**Work item:** Nothing but the pictures should be left out when the entries below are duplicated.

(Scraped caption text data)
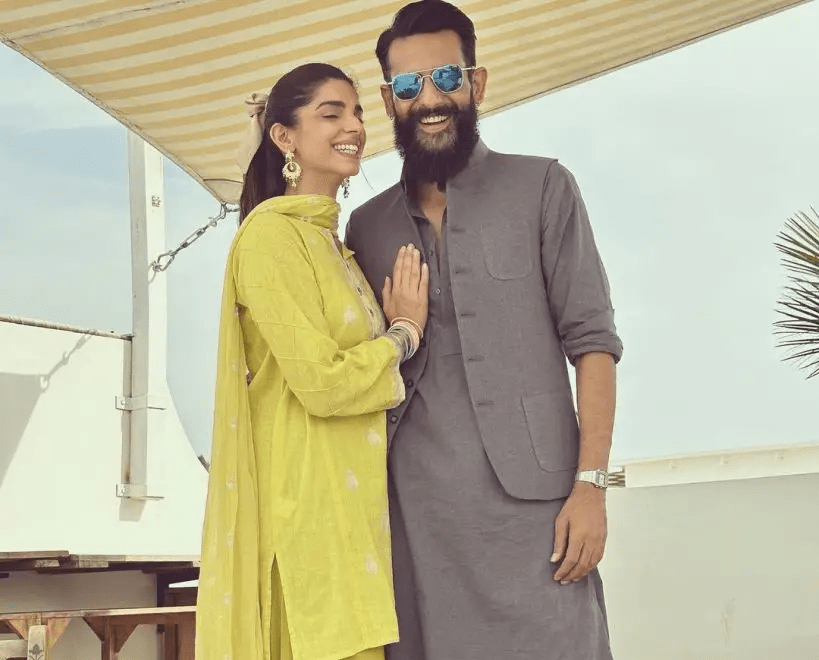 Sanam Saeed and Mohib Mirza announce the birth of their son Vali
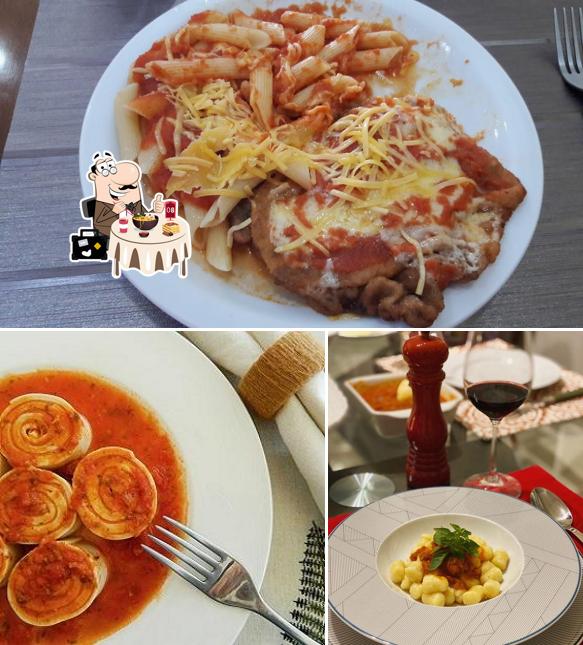 Comida em La Bella Massas Frescas em Curitiba, Massas Pronta Entrega, Massas para Restaurantes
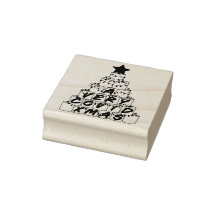 非常に臆病なクリスマスクリスマストイレ紙ツリー木材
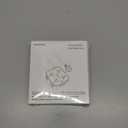 10 Ft Surge Protector Power Strip - YISHU 3 Side Outlet Extender with 8 Widely AC Outlets and 4 USB Ports, 10 Feet Extension Cord with Flat Plug, Wall Mount Desk USB Charging Station, ETL,White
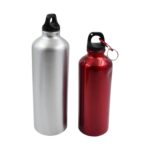 Aluminum Durable Sports Water Bottle (1 Pc / Mix Size & Color) - Sleeve Design by Nari Haat, Indian ethnic wear, wome...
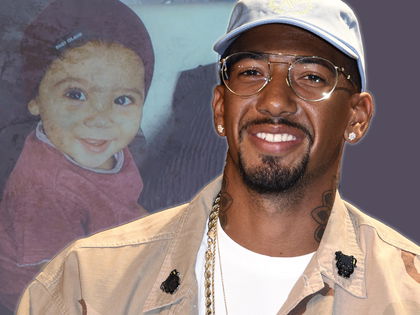 Awww! Jérôme Boateng zeigt zum ersten Mal seinen süßen Sohn Jermar - Erstmals gibt der Profi-Fußballer private Einblicke in sein Familienleben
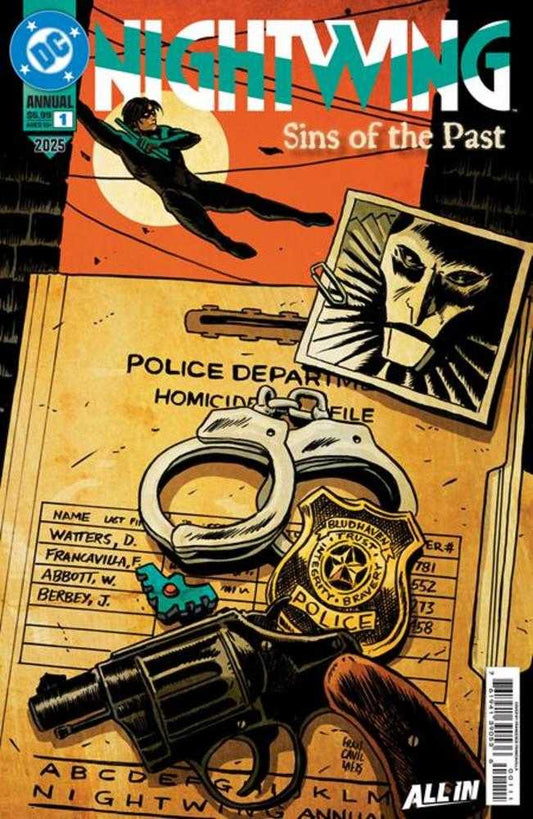 Nightwing 2025 Annual #1 (One Shot) Francavilla Main (07/30/25)
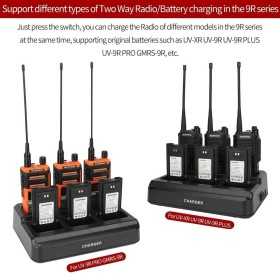 Estación de carga UV-9R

**Task solution:**
 Sanam Saeed and Mohib Mirza announce the birth of their son Vali
 Comida em La Bella Massas Frescas em Curitiba, Massas Pronta Entrega, Massas para Restaurantes
 非常に臆病なクリスマスクリスマストイレ紙ツリー木材
 10 Ft Surge Protector Power Strip - YISHU 3 Side Outlet Extender with 8 Widely AC Outlets and 4 USB Ports, 10 Feet Extension Cord with Flat Plug, Wall Mount Desk USB Charging Station, ETL,White
 Aluminum Durable Sports Water Bottle (1 Pc / Mix Size & Color) - Sleeve Design by Nari Haat, Indian ethnic wear, wome...
 Awww! Jérôme Boateng zeigt zum ersten Mal seinen süßen Sohn Jermar - Erstmals gibt der Profi-Fußballer private Einblicke in sein Familienleben
 Nightwing 2025 Annual #1 (One Shot) Francavilla Main (07/30/25)
 Estación de carga UV-9R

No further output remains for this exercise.